Globalmente, o Protocolo de Palermo é a principal referência ao se falar em perspectiva jurídica, e ele complementa a Convenção das Nações Unidas contra o Crime Organizado Transnacional, definindo padrões para prevenção e punição contra o tráfico de pessoas, especialmente contra mulheres e crianças8.
Ainda no âmbito internacional, nos Estados Unidos, existe o Trafficking Victims Protection Act (TVPA), que é um marco o qual estabeleceu punições rigorosas e criou fundos para proteção e reabilitação das vítimas e da mesma forma ocorreu na União Europeia, a Diretiva 2011/36/EU, a qual fornece um quadro jurídico para prevenir o tráfico, proteger vítimas e processar criminosos.
Ocorre que socialmente, o tráfico internacional de pessoas têm impactos devastadores e traumáticos para todos – principalmente vítimas e familiares, perpetuando a desigualdade de gênero, alimentando o trabalho forçado e a exploração sexual, além de desestabilizar a comunidade.
Embora haja avanços, desafios como a identificação de vítimas e a cooperação internacional permanecem. Barreiras linguísticas-culturais, jurídicas e tecnológicas dificultam o combate ao tráfico, especialmente em fronteiras e zonas de conflito.
Iniciativas como a criação de bases de dados internacionais, capacitação de profissionais e o fortalecimento de acordos bilaterais e multilaterais são soluções práticas. Exemplos incluem o trabalho da Interpol e o fortalecimento de pactos regionais, como o Mercosul, para abordar o tráfico em contextos específicos.
O trabalho forçado é uma outra grande forma de tráfico humano, a qual submete a vítima a condições semelhantes a escravidão. Na mídia, histórias de famílias inteiras vivendo em situação de trabalho análogo a escravidão são constantemente relatadas e denunciadas, pessoas que sobreviveram nestas condições durante muitos anos e como suas histórias se destacam pela invisibilidade enfrentada pelas vítimas.
Em relação a outro grupo de vítimas, o tráfico de crianças para a adoção ilegal e exploração sexual é a grande motivação para a consumação do crime.
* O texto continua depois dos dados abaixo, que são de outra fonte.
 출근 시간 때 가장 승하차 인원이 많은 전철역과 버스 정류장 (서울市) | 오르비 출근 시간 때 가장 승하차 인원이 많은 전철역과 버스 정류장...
Segundo o Diretor Executivo do Unicef:
Estima-se que 1,2 milhão de crianças em situação escassa sejam traficadas por ano dentro e fora de seu país de origem, dentre elas estão crianças em situação de rua, com dificuldades financeiras, que sofreram violência doméstica e/ou são migrantes ilegais9.
Importante destacar que, os traficantes apresentam-se como maioria dos traficados crianças e adolescentes do sexo feminino, dado que, geram lucros significativos aos operadores, sendo o gênero mais procurado no mercado sexual (DIAS, 2014).
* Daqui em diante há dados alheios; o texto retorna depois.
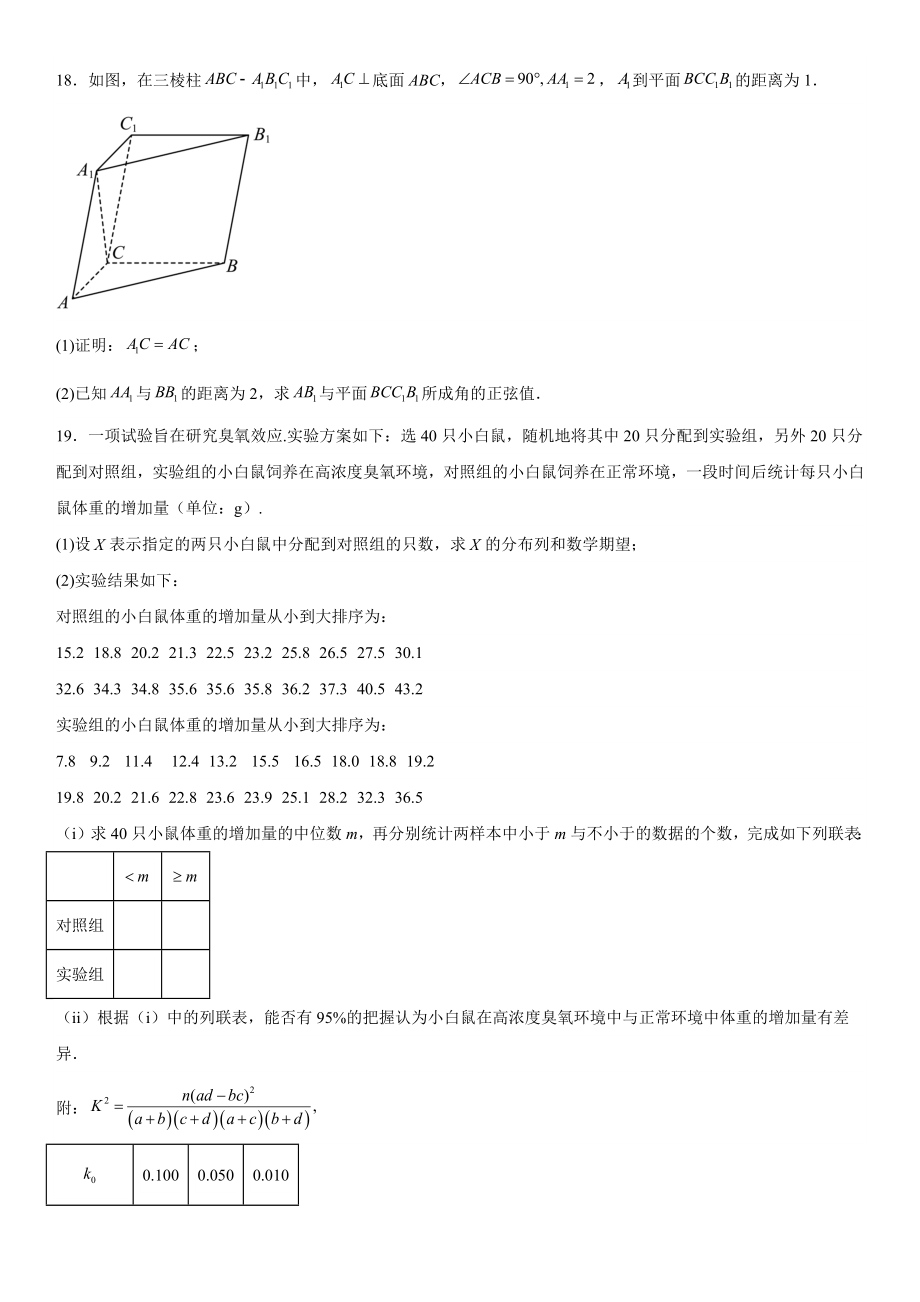 甲卷理数-试题 .docx_第3页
Apesar dos esforços de várias organizações internacionais para quantificar o tráfico de crianças, este continua a ser visto como um fenômeno oculto e difícil de mensurar (Couto, 2012, Miller-Perrin e Wurtele, 2016, Murphy et al., 2015), muito por falta de dados robustos, precisos e padronizados (Brunner, 2015). Assim, muitas crianças têm dificuldade em denunciar a vitimização (Greenbaum & Crawford-Jakubiak, 2015), que podem ter diferentes motivos, tais como: suspeita da eficácia dos serviços de apoio e proteção; medo de retaliação por parte dos traficantes (Hughes & Denisova, 2001); medo de serem identificados como criminosos ou imigrantes ilegais e não como vítimas de um crime (Rafferty, 2008); vergonha e preocupação com a reação das suas famílias (Crawford & Kaufman, 2008) e da sua comunidade; e nenhuma identificação de si próprios como vítimas (Hodge & Lietz, 2007) ou da situação como exploração (Europol, 2018) (Gabriela Martinho, Mariana Gonçalves, Marlene Matos;2020)10,11.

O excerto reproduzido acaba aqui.